(RECORD SET)

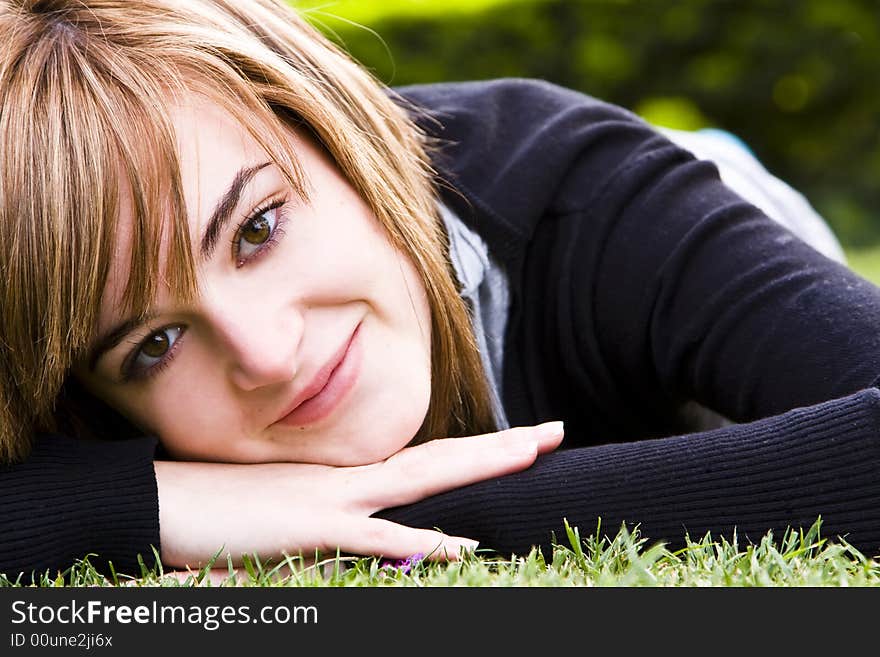 Smiling beauty on grass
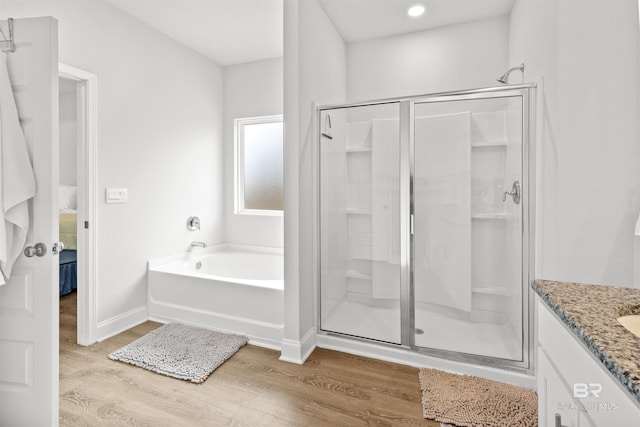 bathroom with vanity, wood-type flooring, and shower with separate bathtub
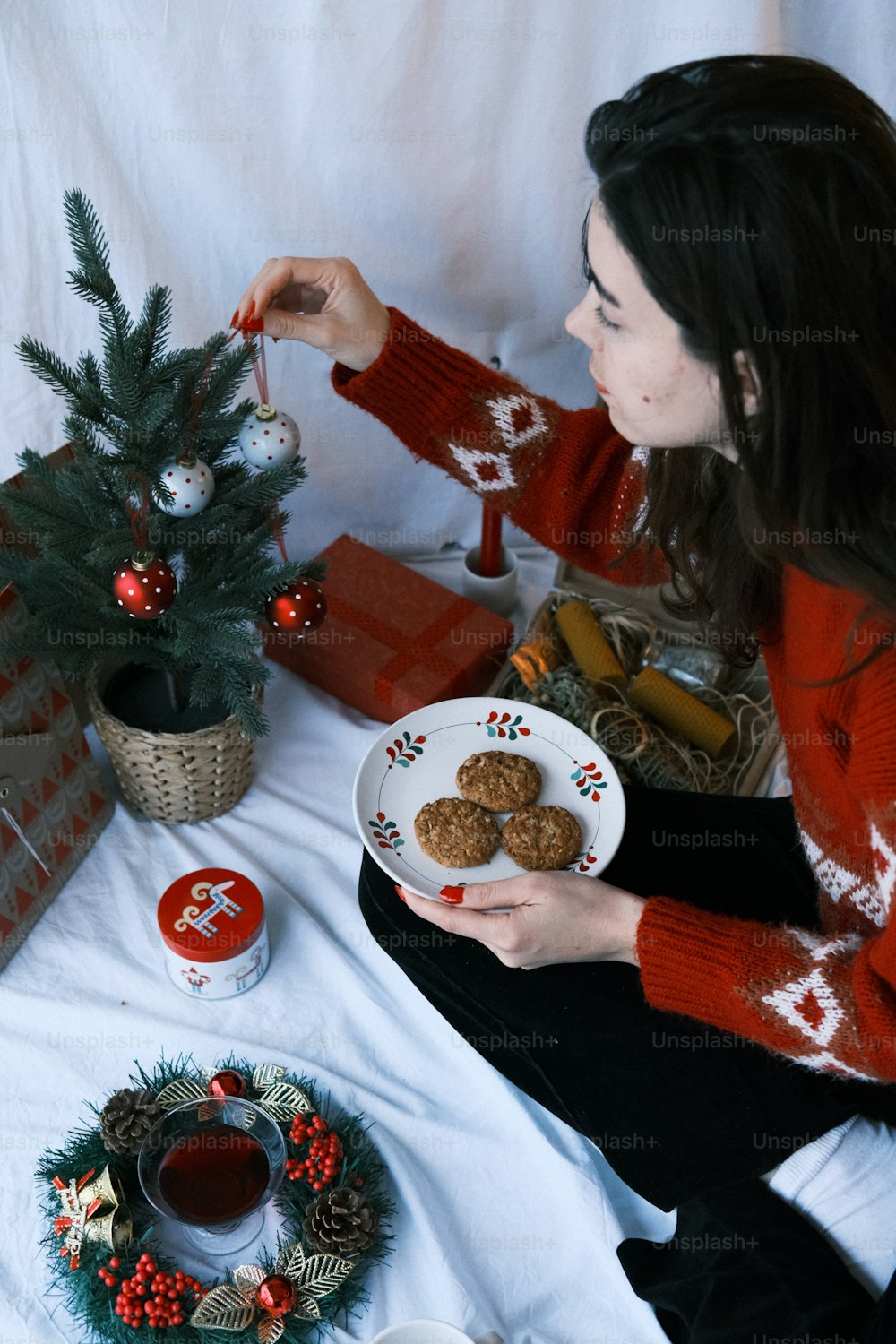 a woman sitting on a bed holding a plate of cookies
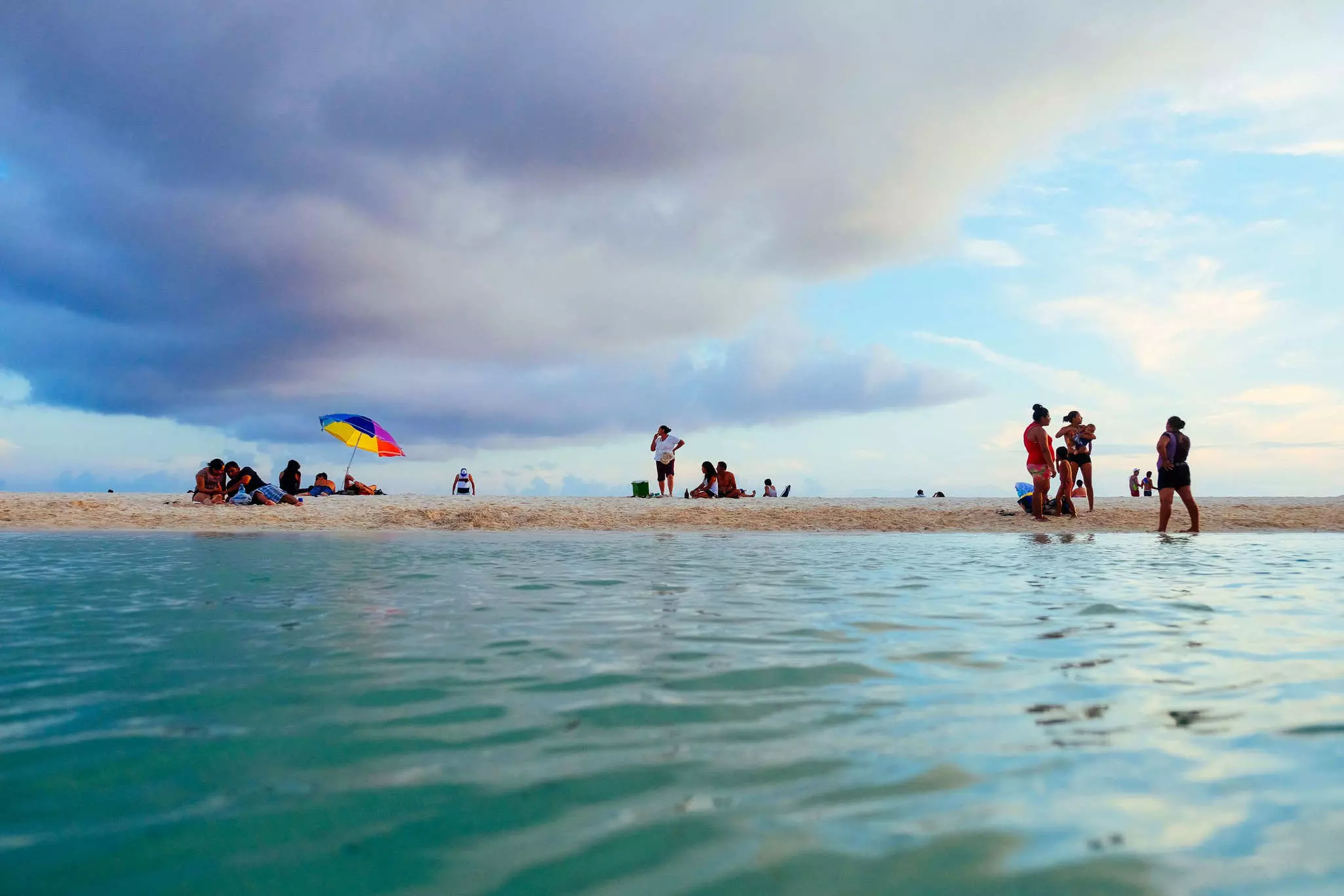 Locals on the shore of a small cenote, as seen from the water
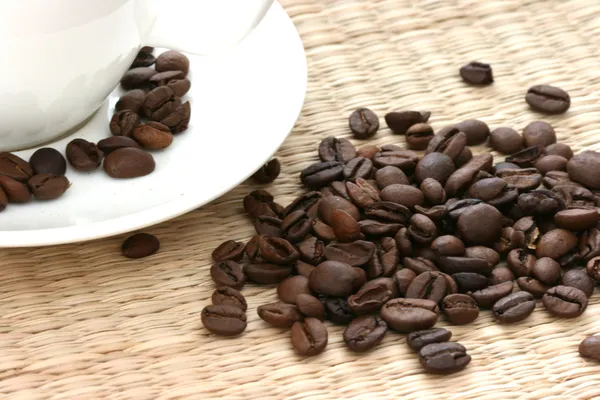 Celá kávová zrna roztroušených na slaměné pozadí s bílou cup — Stock fotografie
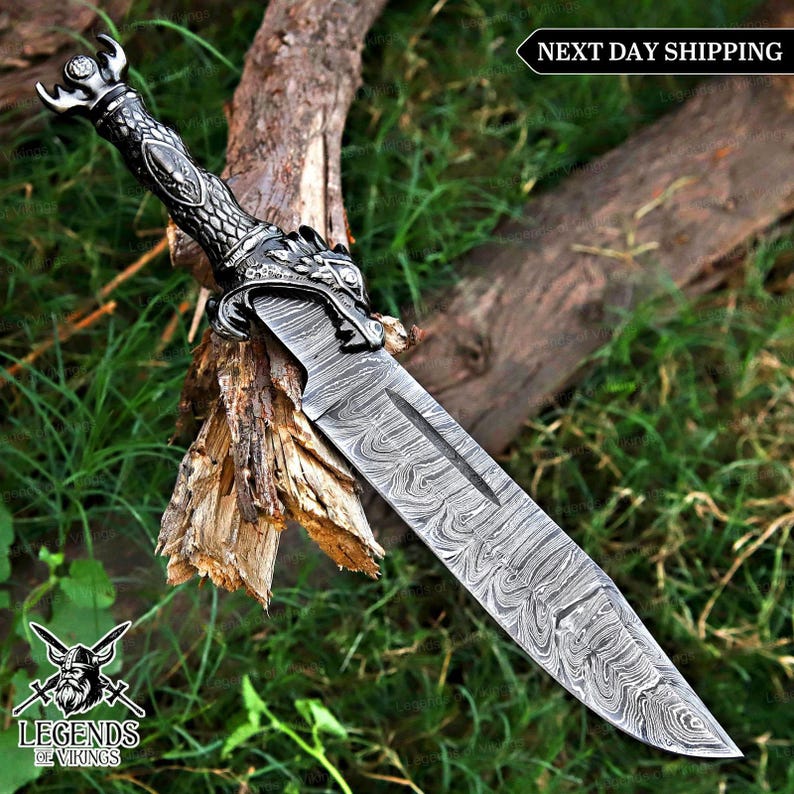 May include: A decorative dagger with a patterned blade and a dragon-themed handle. The handle is silver and black, and the blade has a unique swirling pattern. The dagger is displayed on a piece of wood with green foliage in the background.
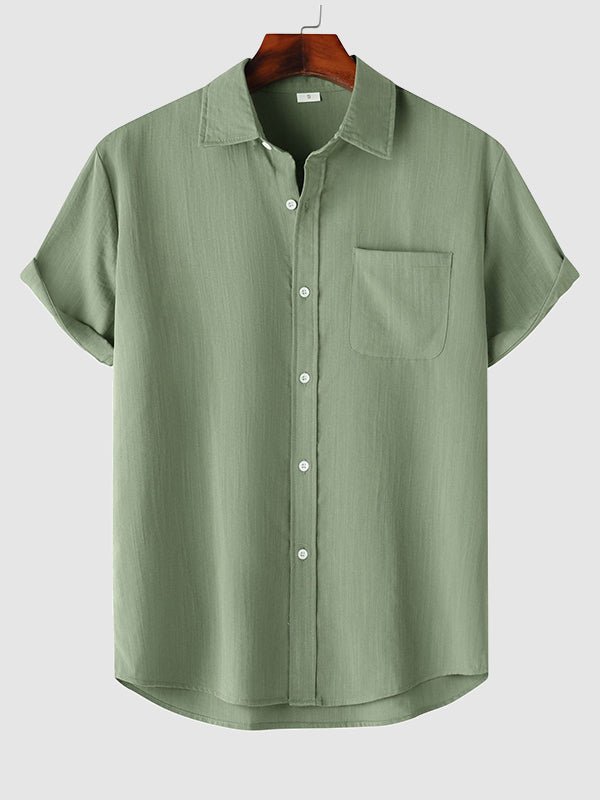 Camisa de manga corta casual de algodón sólida de color liso para hombre
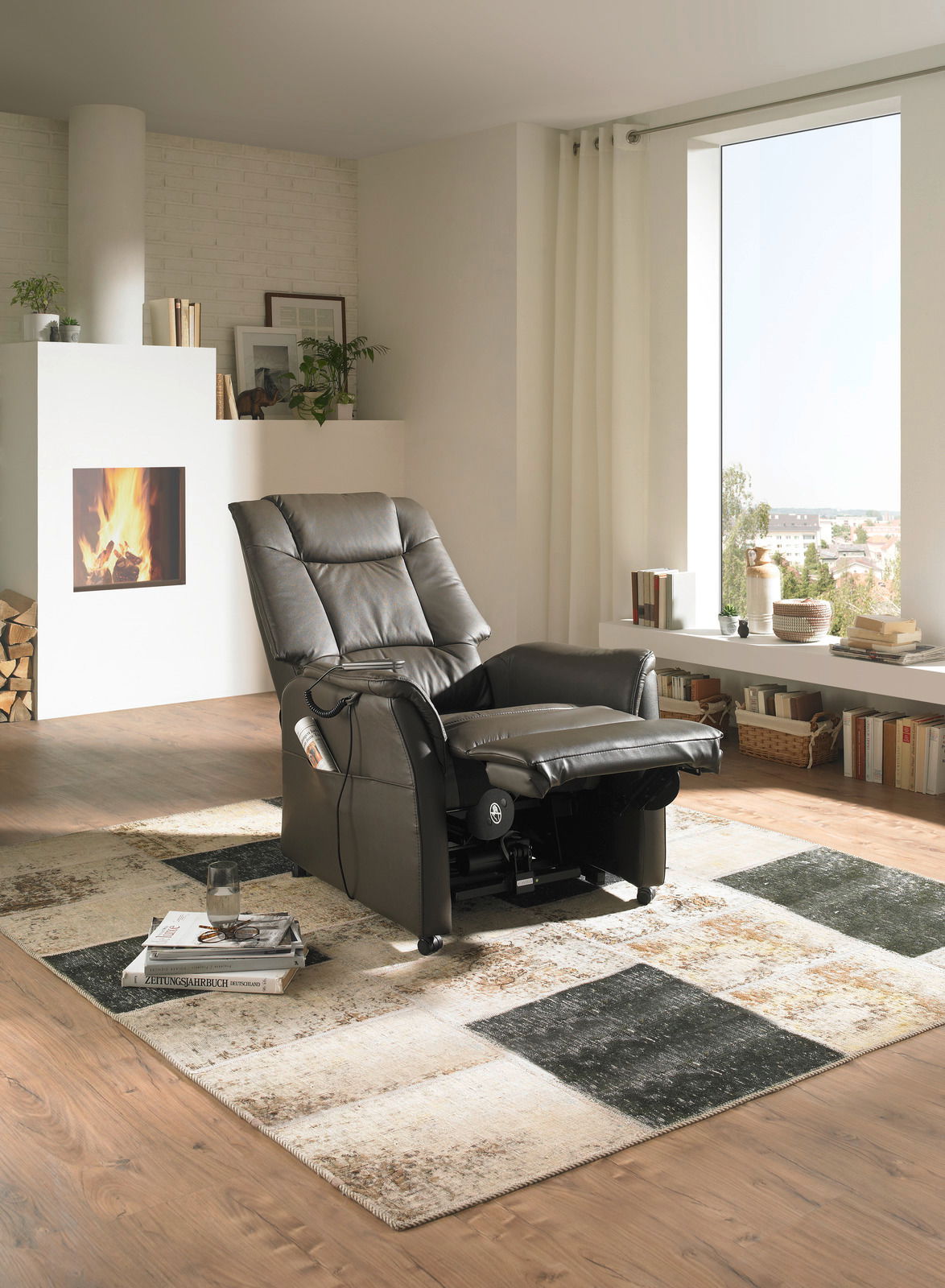 Schwarzer Fernsehsessel in einem modernen Wohnzimmer mit Kamin, aus seitlicher Perspektive.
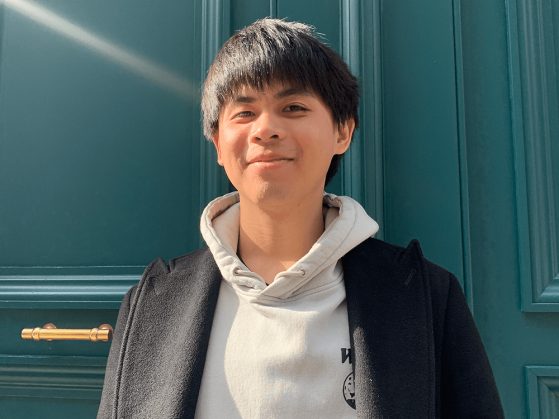 A photograph of Shao-Chi Ou smiling at the camera. He is wearing a gray hoody and black coat.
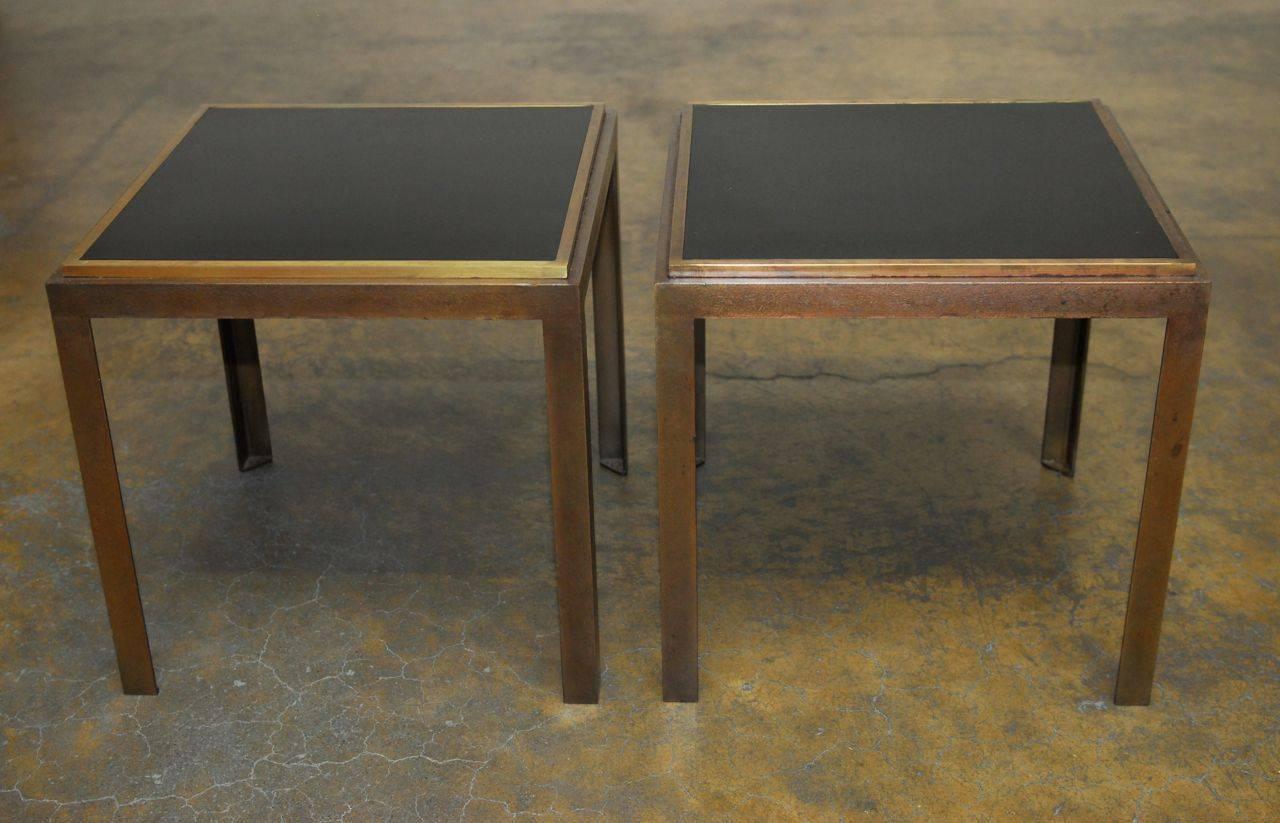 Stylish set of end tables featuring an iron frame finished in bronze with a black Formica laminate top bordered with a brass edge. These tables are cube shaped with quality finishes.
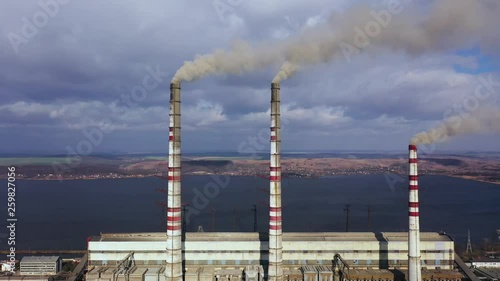 Aerial view of old thermoelectric plant with big chimneys in a rural landscape near the reservoir. Burshtyn, Ukraine photo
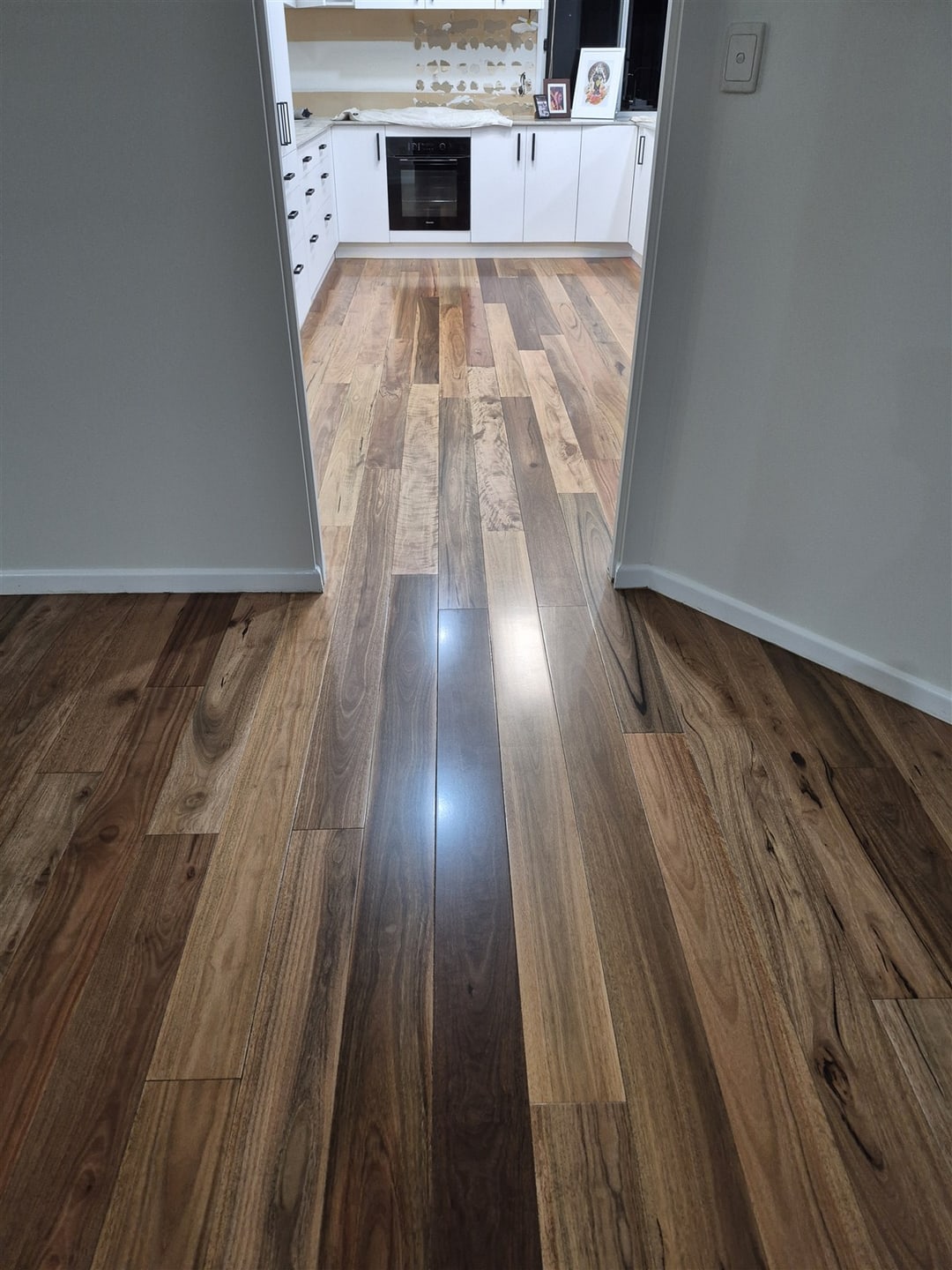 Spotted gum hallway leading to the kitchen, Brisbane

(End RECORD SET)

> _ASSIGNMENT_:
Please give back the data above word for word, with no pictures included.

> _ANSWER TO THE EXERCISE_:
 Smiling beauty on grass
 bathroom with vanity, wood-type flooring, and shower with separate bathtub
 a woman sitting on a bed holding a plate of cookies
 Locals on the shore of a small cenote, as seen from the water
 Celá kávová zrna roztroušených na slaměné pozadí s bílou cup — Stock fotografie
 May include: A decorative dagger with a patterned blade and a dragon-themed handle. The handle is silver and black, and the blade has a unique swirling pattern. The dagger is displayed on a piece of wood with green foliage in the background.
 Camisa de manga corta casual de algodón sólida de color liso para hombre
 Schwarzer Fernsehsessel in einem modernen Wohnzimmer mit Kamin, aus seitlicher Perspektive.
 A photograph of Shao-Chi Ou smiling at the camera. He is wearing a gray hoody and black coat.
 Stylish set of end tables featuring an iron frame finished in bronze with a black Formica laminate top bordered with a brass edge. These tables are cube shaped with quality finishes.
 Aerial view of old thermoelectric plant with big chimneys in a rural landscape near the reservoir. Burshtyn, Ukraine photo
 Spotted gum hallway leading to the kitchen, Brisbane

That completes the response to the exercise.